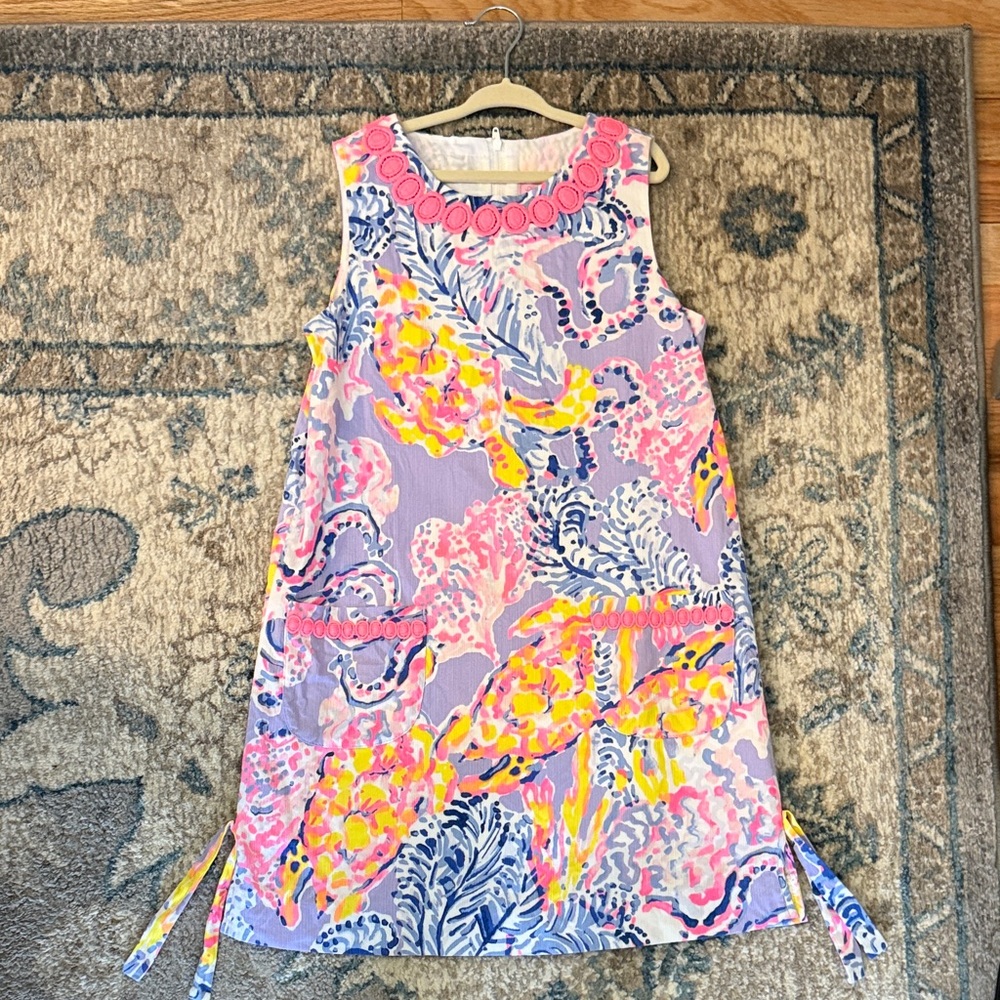 Lilly Pulitzer Dress with Pink and Blue Accents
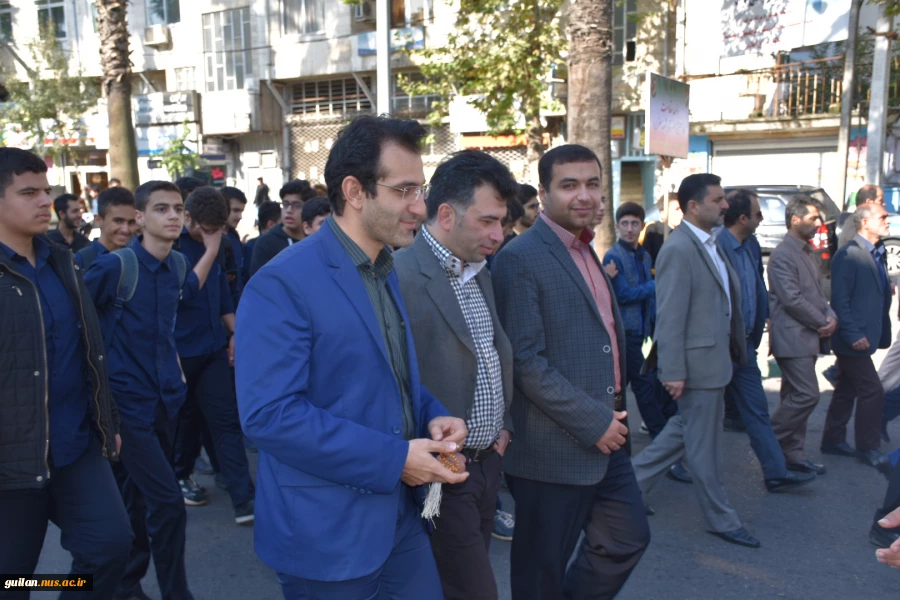 حضور پر شور دانشگاهیان  دانشگاه فنی و حرفه ای استان گیلان در راهپیمایی روز 13 آبان 9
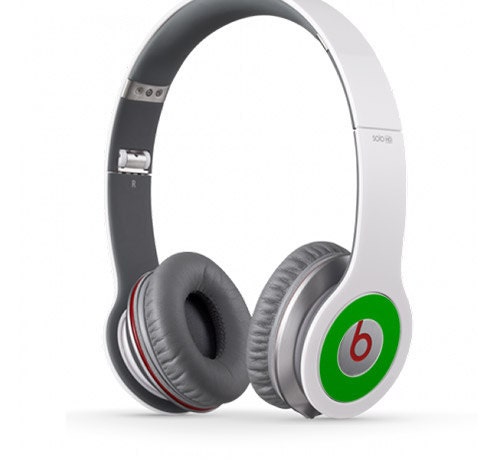 Beats Solo Green Headphone Cup Wraps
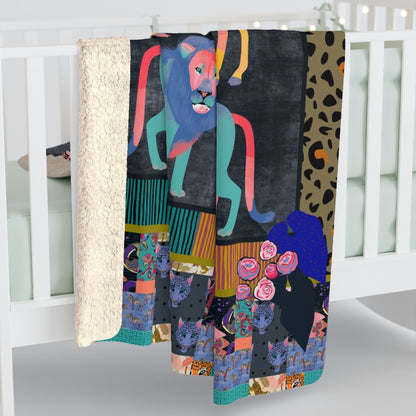 Dopamine beasts maximalist sherpa blanket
──────
-- Assignment --
The line containing "حضور پر شور" and each line after it through the end of the listing above are to be written out exactly, without the pictures.

-- Answer area --
 حضور پر شور دانشگاهیان  دانشگاه فنی و حرفه ای استان گیلان در راهپیمایی روز 13 آبان 9
 Beats Solo Green Headphone Cup Wraps
 Dopamine beasts maximalist sherpa blanket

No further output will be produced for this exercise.